Heidelberg Research Architecture Early Chinese Periodicals Online

The project

The platform Early Chinese Periodicals Online (ECPO) was first implemented in collaboration with the Institute of Modern History, Academia Sinica, Taiwan with the generous support by the Chiang Ching-kuo Foundation for International Scholarly Exchange,  from 2013 to 2016. 
ECPO has since been developed with further support from various institutions, such as the Centre for Asian and Transcultural Studies (CATS) Library, the Heidelberg Centre for Transcultural Studies (HCTS), the Institute of Chinese Studies and the Research Council Cultural Dynamics in Globalized Worlds at the University of Heidelberg; along with the Confucius-Institute Heidelberg, and the University of Erlangen-Nürnberg as affiliated partners.

The ECPO database provides open access to material from several important digital collections of the early Chinese press. It combines what we call “extensive” and “intensive” approaches to China’s early periodicals. The extensive approach comprises a comprehensive catalog and record of Republican-era art and literary periodicals, including basic metadata like title, editor, publisher, location and dates of publication, periodicity, format, or prominent contributors. In the intensive approach we not only record bibliographic information, but provide digital cover-to-cover copies of entire runs of periodicals together with an in-depth analysis of their complete contents (article, image, advertisement) together with structured meta-data.

So far, six journals (four women’s journals and two entertainment periodicals) have been included in the database using the intensive approach, together with the four in-depth analyzed magazines forming the core of the “Chinese Women’s Magazines in the Late Qing and Early Republican Period” (WoMag) database. In the extensive section of the database, we have recorded over 250 periodicals, many of them hosted in databases at the Academia Sinica. This includes newspapers formerly part of the “Chinese Entertainment Newspapers” (Xiaobao) database. The project aims at incorporating metadata in both English and Chinese, and adds research-based annotations and biographical information on editors, authors and individuals represented in illustrations and advertisements in the journals. 

For a large number of periodicals we provide detailed information about their publishing history, also covering format, size, issuing frequency, prices, as well as a list of prominent agents related to the publication, a summary of its contents, and a list of its holdings in important collections worldwide.

We developed a web-based data management interface to ingest new periodicals and edit metadata. For more efficient data entry, we created a “rapid editing interface” which features a Chinese frontend.
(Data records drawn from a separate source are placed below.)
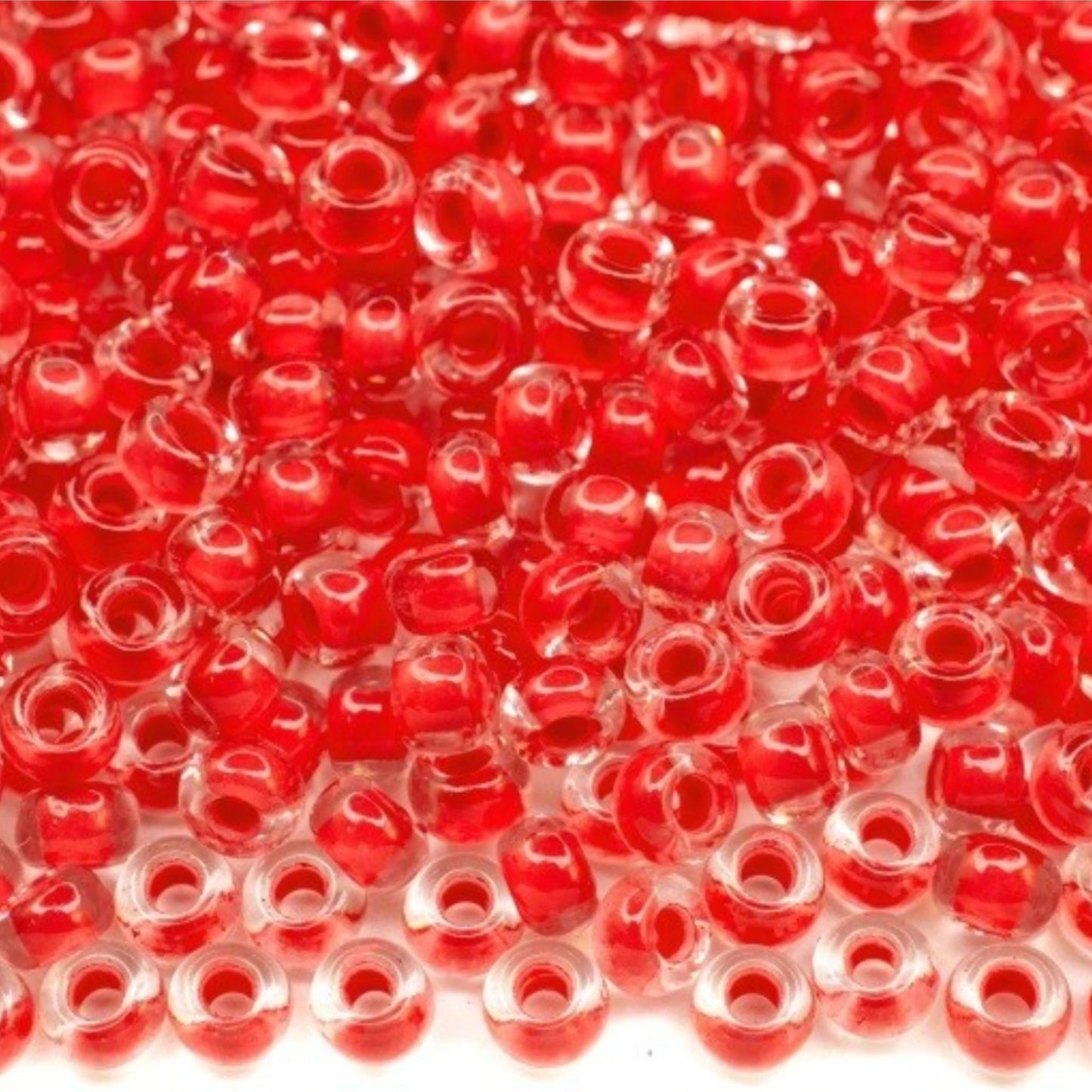 6/0 08A98 Preciosa Czech Glass Seed Beads Rocailles 4.1mm. Crystal terra intensive red lining.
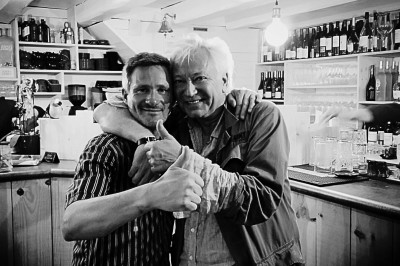 Miniature DJ Milizac (Finistère) - Florian Rion #6 Homme en chemise noire, lunettes de soleil, fumant un cigare, tenant un verre devant un bar rempli de bouteilles.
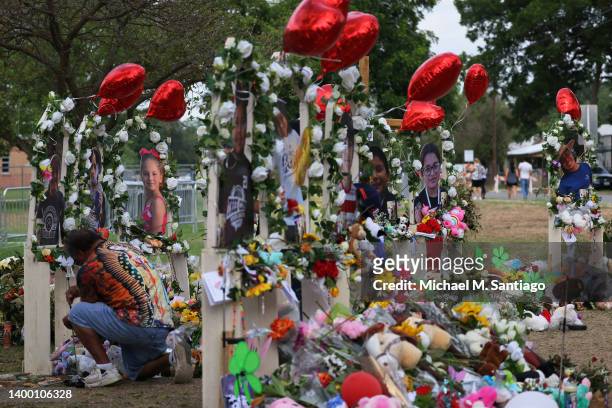Man places a candle on a memorial for the 19 children and two adults killed on May 24th during a mass shooting at Robb Elementary School on May 30,...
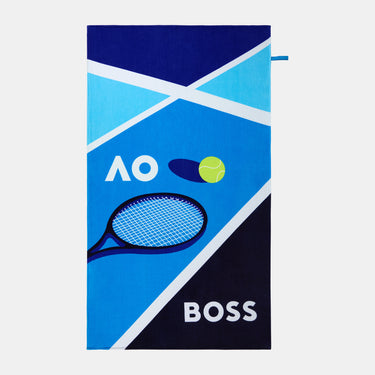 A rectangular beach towel featuring a tennis-themed design with the text 'AO' and 'BOSS', a tennis racket, a tennis ball, and geometric blue, navy, and light blue patterns on a light gray background.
Based on the success of ECPO, we developed a number of follow-up projects, for example “ECPO – towards automatic full text generation”, “ECPO – historical network data”, or “Jing bao ground truth”. 

Digital output

ECPO is an open access resource developed by the Heidelberg Research Architecture (HRA) and implemented mainly by independent programmers. It currently provides browse and search functionalities for about 300 publications, which can all be read online. The database is freely available at https://uni-heidelberg.de/ecpo.

All bibliographic descriptions can be accessed through the ECPO API in MODS XML format. 
ECPO Periodicals are also included in national library catalogs like the Zeitschriftendatenbank (ZDB). 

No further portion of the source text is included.